***** Collected data *****

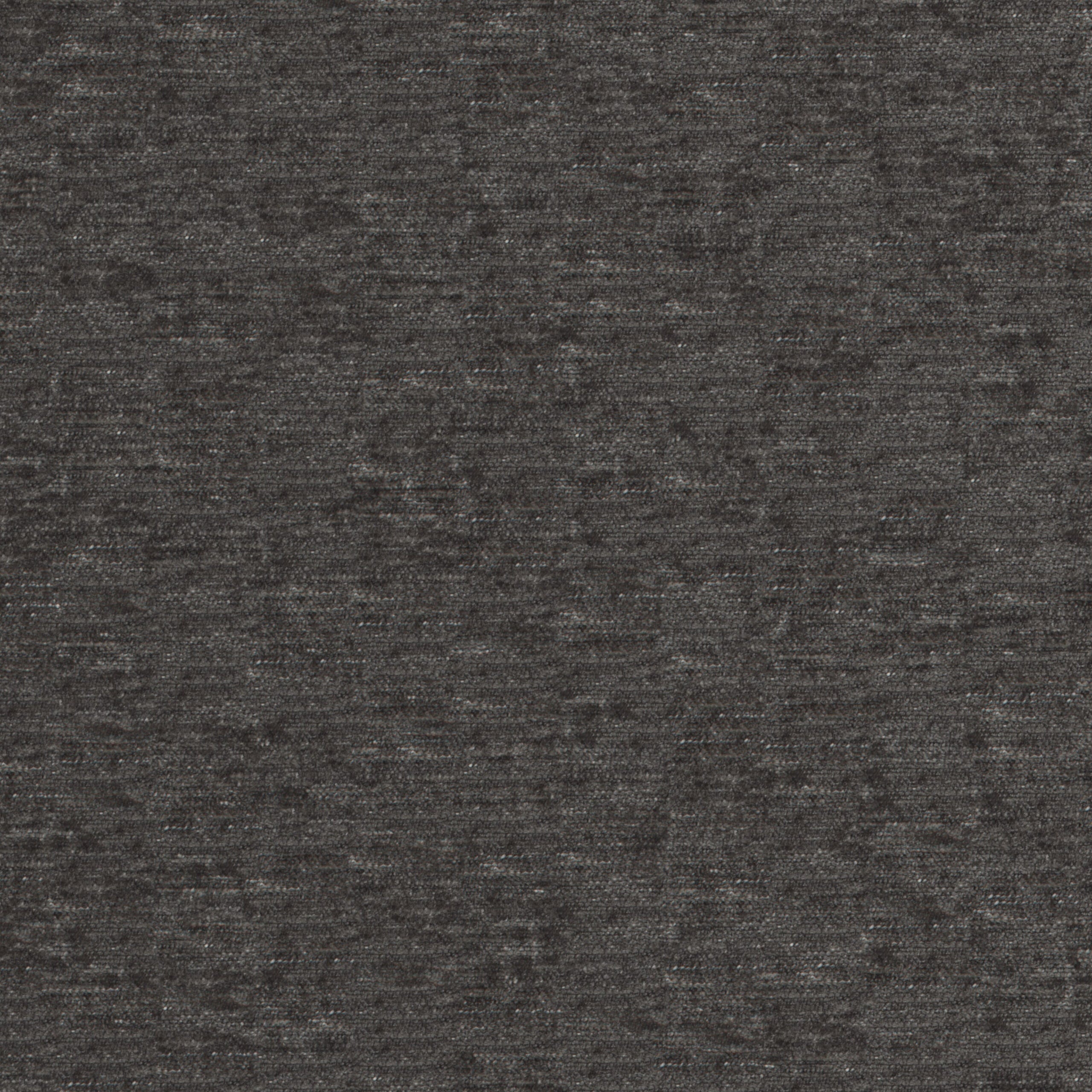 JF Fabrics Nori 38 Fabric Sample 9031938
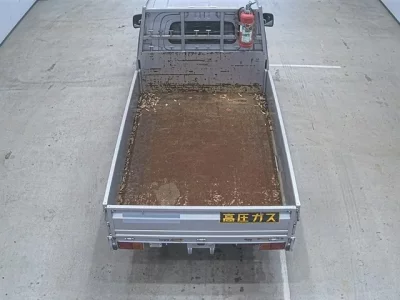 Toyota TOWN ACE TRUCK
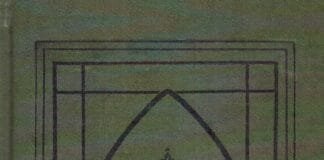 TRUTHS ABOUT WHISKY aneb pokračování triptychu nejdůležitější knihy o whisky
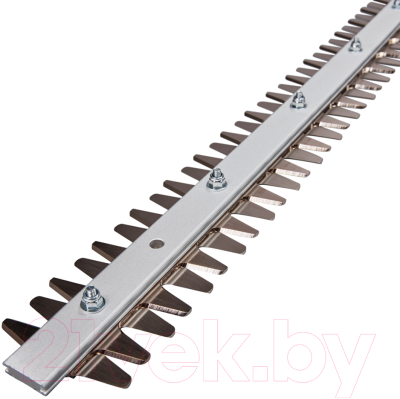 Высоторез аккумуляторный Makita UN460WDWA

*****

→ Prompt
Write out again, word for word, the lines from the one holding "TRUTHS ABOUT WHISKY" through the final line of the listing, including both ends but no pictures.

→ The completed task
 TRUTHS ABOUT WHISKY aneb pokračování triptychu nejdůležitější knihy o whisky
 Высоторез аккумуляторный Makita UN460WDWA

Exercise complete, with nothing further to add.